So, that’s a lot of words spent in dissecting the situation, but what can be done? The ideal outcome for Lotus would be for her to continue to benefit from the mentorship of her boss, but stop the limerence reaction that it causes from escalating. No contact is not really an option (except for the extreme scenario of quitting), so what would work better?
It will be no surprise to regular readers that purposeful living is my answer. Lotus needs to find a way to expand the scope of her working life beyond the local goal of pleasing her boss, and into a larger goal of developing an independent career. You don’t want to stay tethered to this man forever; at some point you need to grow beyond him. I don’t mean surpassing his achievements, necessarily, I mean becoming self-sufficient and directing your own career and no longer needing his patronage.
Genuine mentors will be delighted by this, hungry narcissists will not. So, this could also be a way of finding out which class your LO falls into.
In the meantime, there is the problem of escaping the limerent reinforcement during times of praise and recognition. As the situation does not seem critical at the moment (no professional lines have been crossed, and no damage beyond the internal distress for Lotus), a slow cooling off seems a good plan. Reframing what’s happening now you are aware of your limerent triggers would go a long way.
When you feel a rush of pride, enjoy it, but remind yourself this is your limerent response to your buttons being pushed. It isn’t a sign of romantic interest from your boss. He is not the source of those good feelings, you conjured them within yourself. You are responding to his cues, he is not gifting you magical emotional delights. And, most importantly, remind yourself that you do not know his motives. He may well be highly impressed by your abilities, but his decision to promote them so publicly is part of his own agenda.

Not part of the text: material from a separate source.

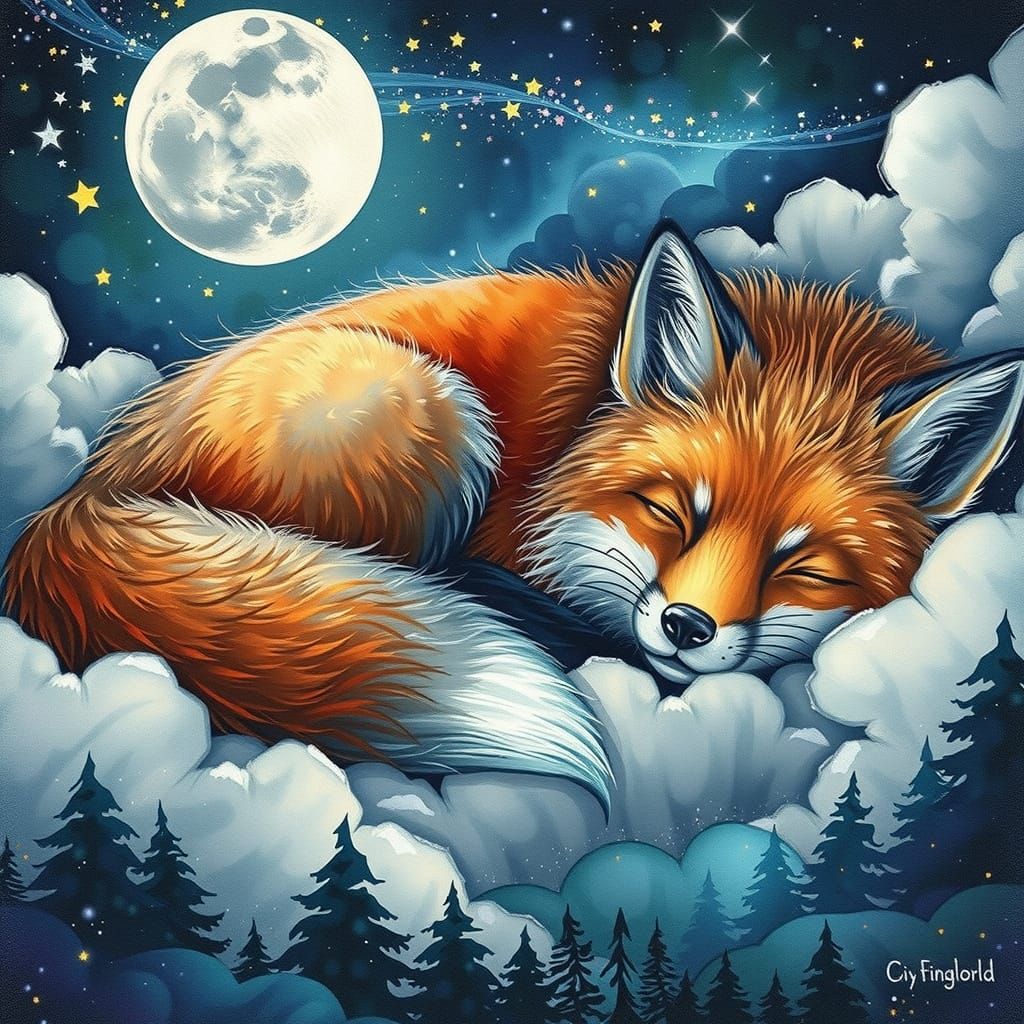 Fox Sleeps on Cloud in Watercolor Starry Sky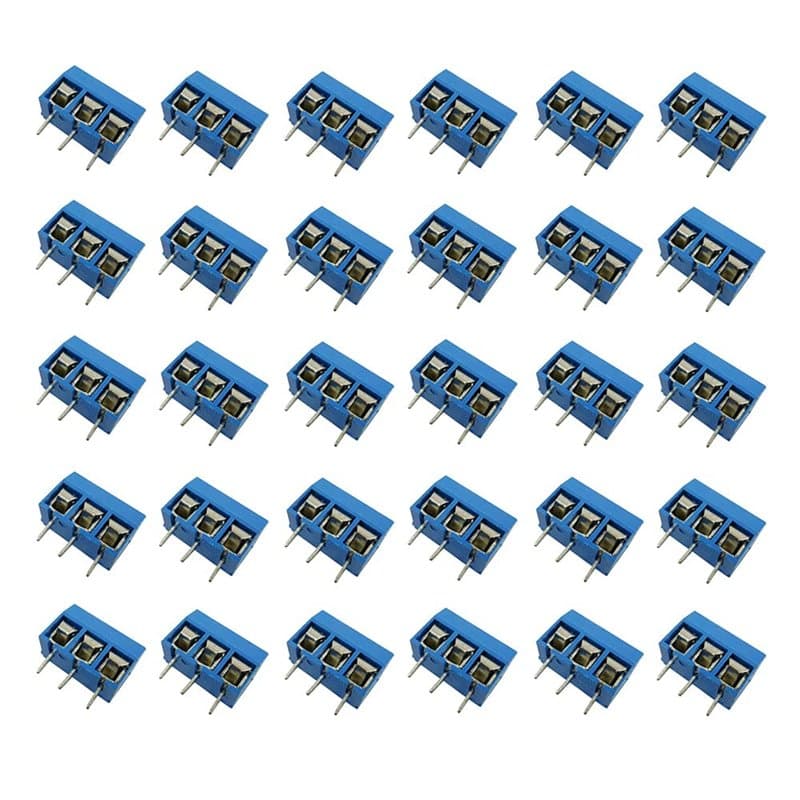 Aihasd 30 pièces KF301-3P Terminal à vis Panneau de jonction PCB Pitch 5.08mm 3 Pin Terminal d'impression 300V 16A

That little tweak in mindset can make a big difference. You do not know his motives. They may not be noble. You may just be a vehicle for his ego-boosting performance as White Knight. He might be attracted to you too, and so favouring you for sleazy reasons. You don’t know, and it doesn’t actually matter.
You do know that you don’t want a relationship with this man. You know that you need to grow beyond him. Securing his praise isn’t the goal – doing praiseworthy work is.
Reframe this time as a period where you helped each other professionally, you benefited from his mentorship regardless of his motives, and you learned something important about your own emotional triggers.
Then look beyond it to a purposeful future where you are in charge of your own professional fate.
Allie 1 says
I (obviously) relate to much of this being in the throes of a long LE for my boss LO.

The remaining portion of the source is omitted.